My granddaughters will never know their great grandpapa who died last month at the age of 95.

Those who did know him would never forget him.

If I'd written a Most Memorable Character for Reader's Digest, I would have written about the father of my children's father, Carlyle Gagnier. He truly was one of a kind.

I wanted to get down a few memories for my grandkids in case they asked their parents about him one day. My kids were young the last time they saw him, only teenagers. They lost him to marital estrangement and it is a guilt I carry with me always.

Here goes.

Carlyle was born in February 24, 1921, the same day as my own sainted mother who passed away more than two decades ago. Carl was one of gaggle of Gagnier children including Patrick, Armand and Marquita. As the legend goes, his French Canadian father married his Irish mother who spoke no French whatsoever. Kathleen spent her life among the French not understanding anybody, including her own husband. She died of depression, or so the story goes, leaving Carl's dad to raise up his bunch.
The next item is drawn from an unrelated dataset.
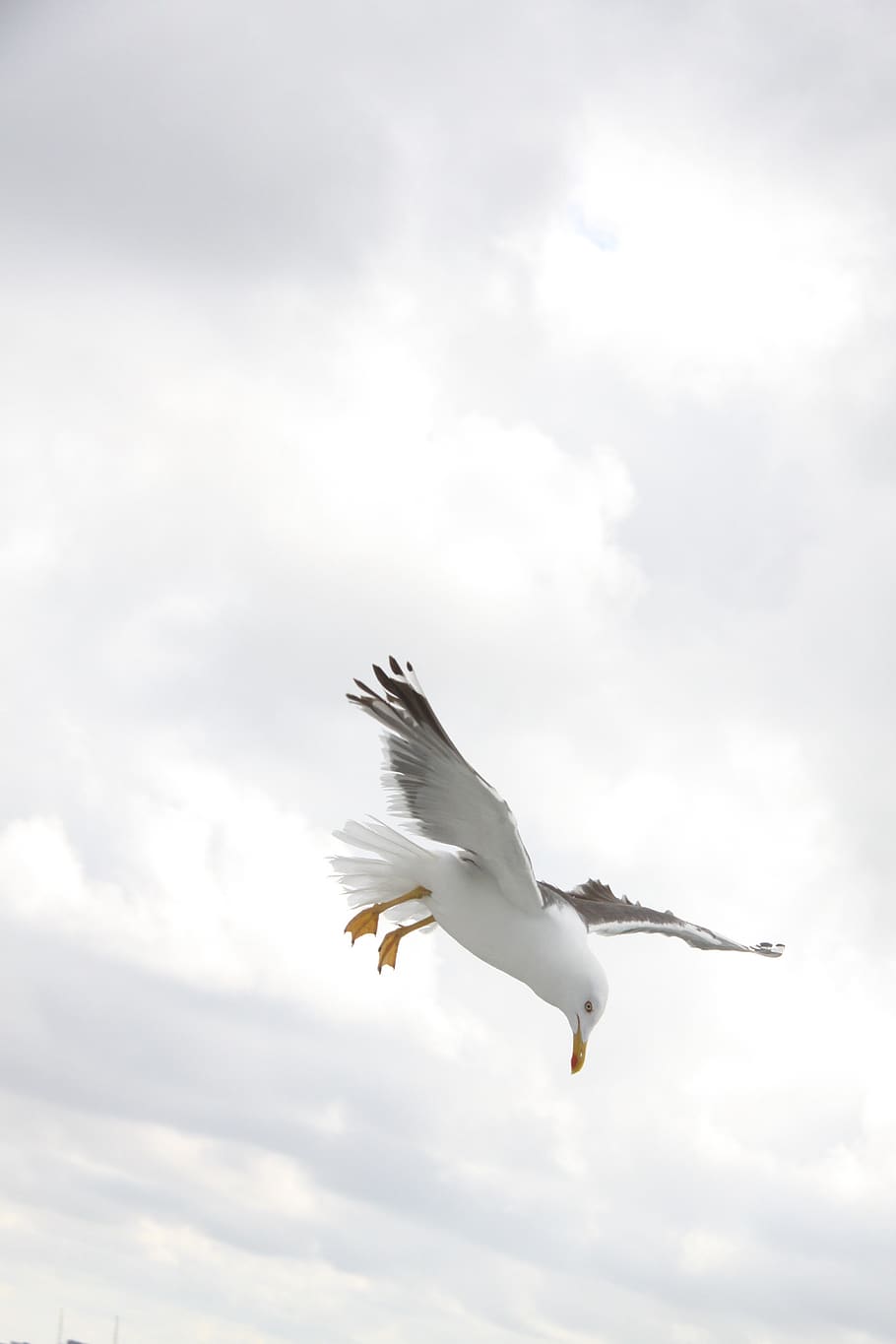 gaviota, vol, durant el dia, núvols, volant, gavina, larus, cel, ales, animals a la natura, fauna animal, animal, ales separades, temes d'animals, ocell, núvol - cel, un animal, vertebrats, vista d’angle baix, a l'aire, moviment, dia, naturalesa, Color blanc, a l'aire lliure, cap gent, 4K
Like many French-Canadians of his ilk (including Pierre Trudeau's father), Carl's dad owned a gas station in Balconville in Montreal which was a front for a bootlegging operation. He took the proceeds to buy an acreage of land not far from what is now the toney resort town of Mont Tremblant, also close to Sainte Agathe, the town made famous in the Apprenticeship of Duddy Kravitz by the writer Mordecai Richler.

Like his dad, Carl was entrepreneurial in spirit, and used his father's distilling expertise to his advantage during World War II. Carl became a bootlegger to the Royal Canadian Navy, and that kept him out of the fighting part of the war.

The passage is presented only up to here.